**WHAT YOU HAVE TO DO:** Take the records below and extract, word for word, the lines from the one containing "Anton The man, The" through the final line, inclusive. Omit pictures.
════════════════
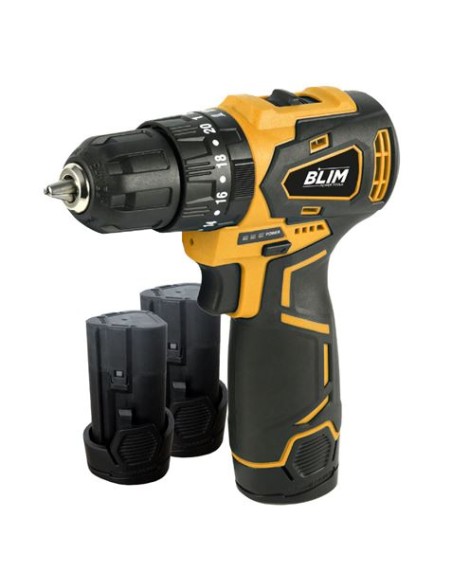 TALADRO PERCUTOR S/CARBONES 12V | 2 BATERIAS 2AH BLIM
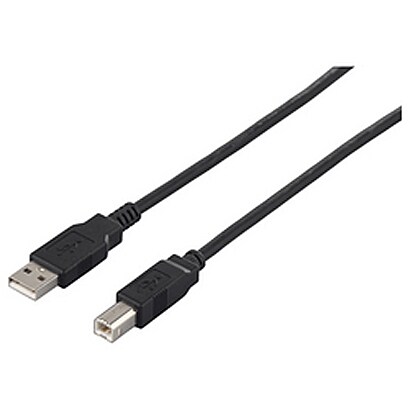 USB2.0ケーブル (A to B) 1m ブラック BSUAB210BK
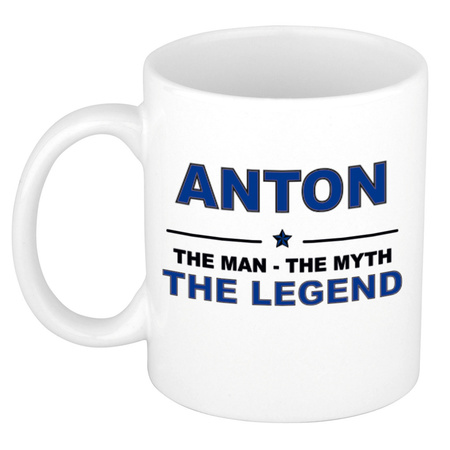Anton The man, The myth the legend cadeau koffie mok / thee beker 300 ml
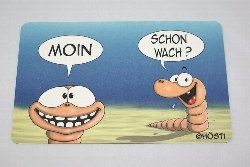 Hösti Frühstücksbrett Moin Schon wach von Hösti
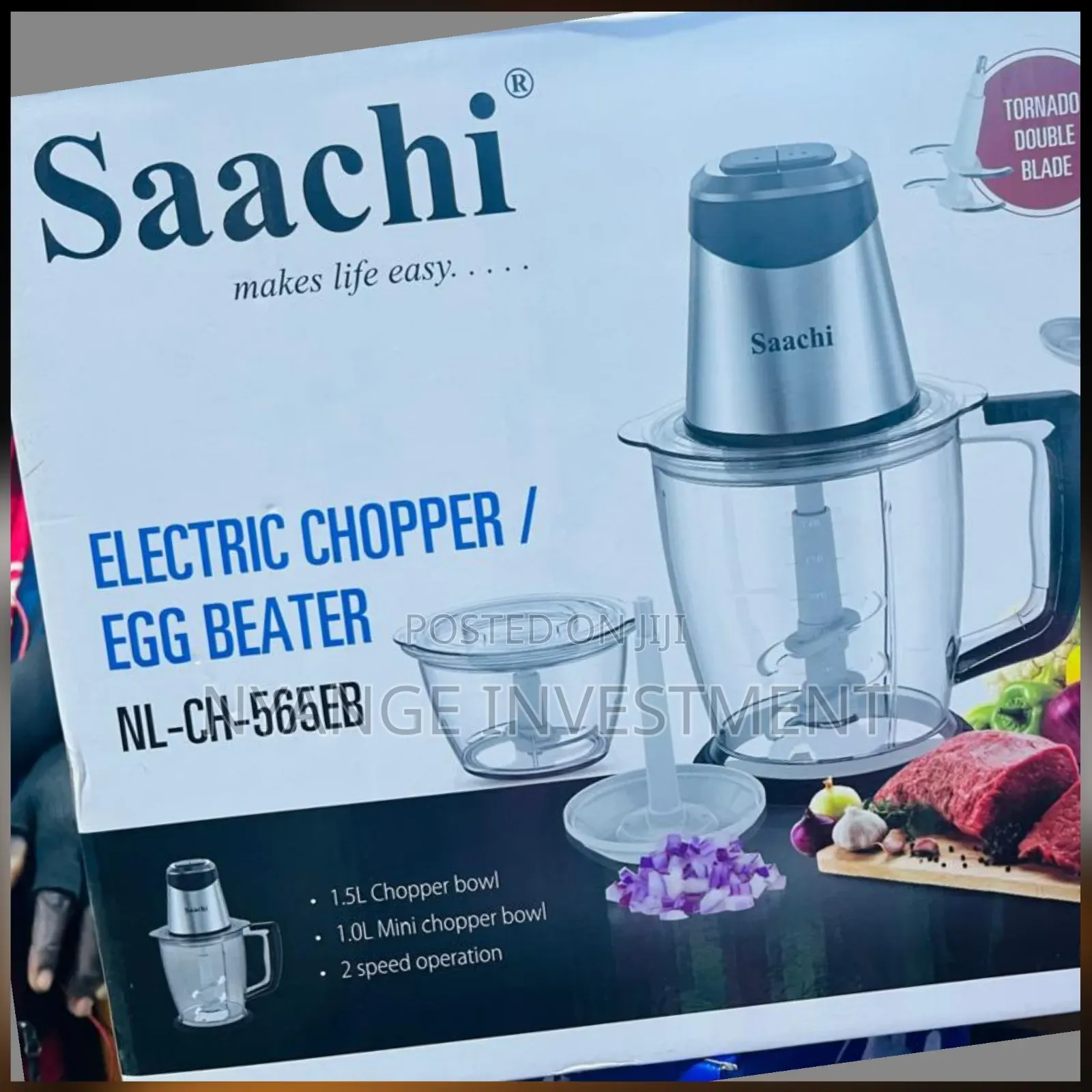 Saachi Electric Chopper / Egg Beater (Model NL-CH-565EB)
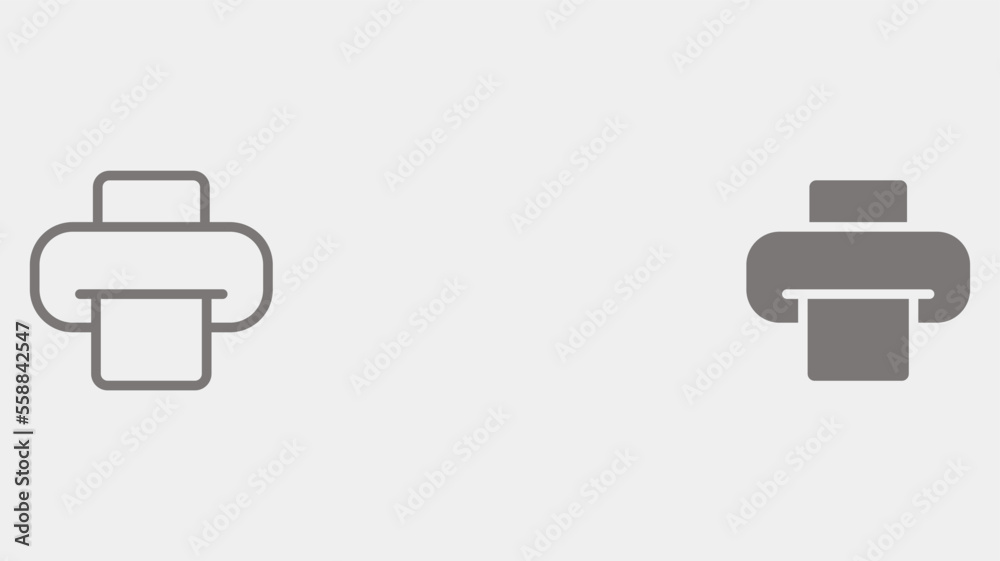 Printer vector icon sign symbol Printer vector icon sign symbol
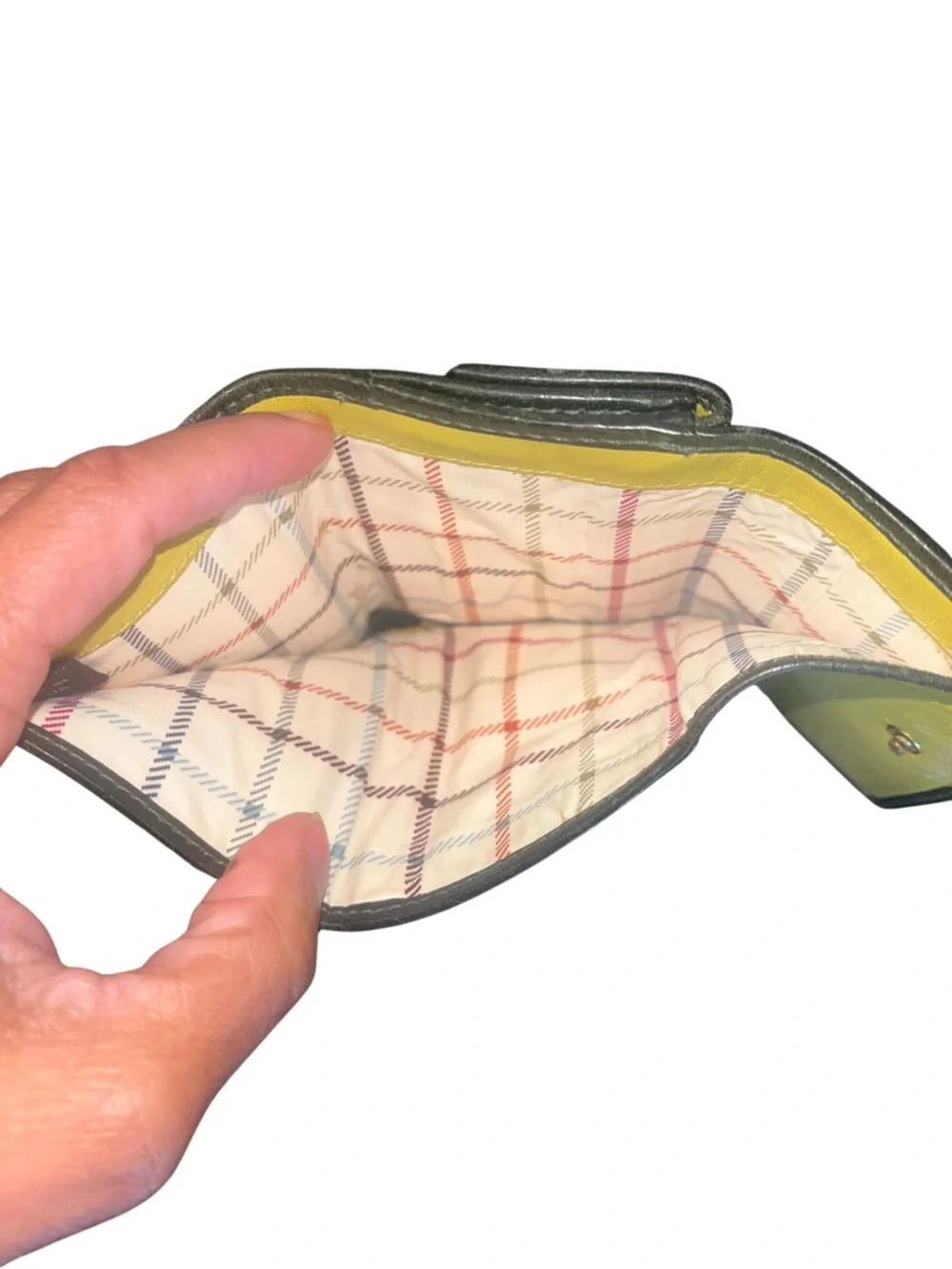 Coach Leatherware Black & Canvas Trifold Wallet - Picture 12 of 13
════════════════
**REPLY:**
Anton The man, The myth the legend cadeau koffie mok / thee beker 300 ml
 Hösti Frühstücksbrett Moin Schon wach von Hösti
 Saachi Electric Chopper / Egg Beater (Model NL-CH-565EB)
 Printer vector icon sign symbol Printer vector icon sign symbol
 Coach Leatherware Black & Canvas Trifold Wallet - Picture 12 of 13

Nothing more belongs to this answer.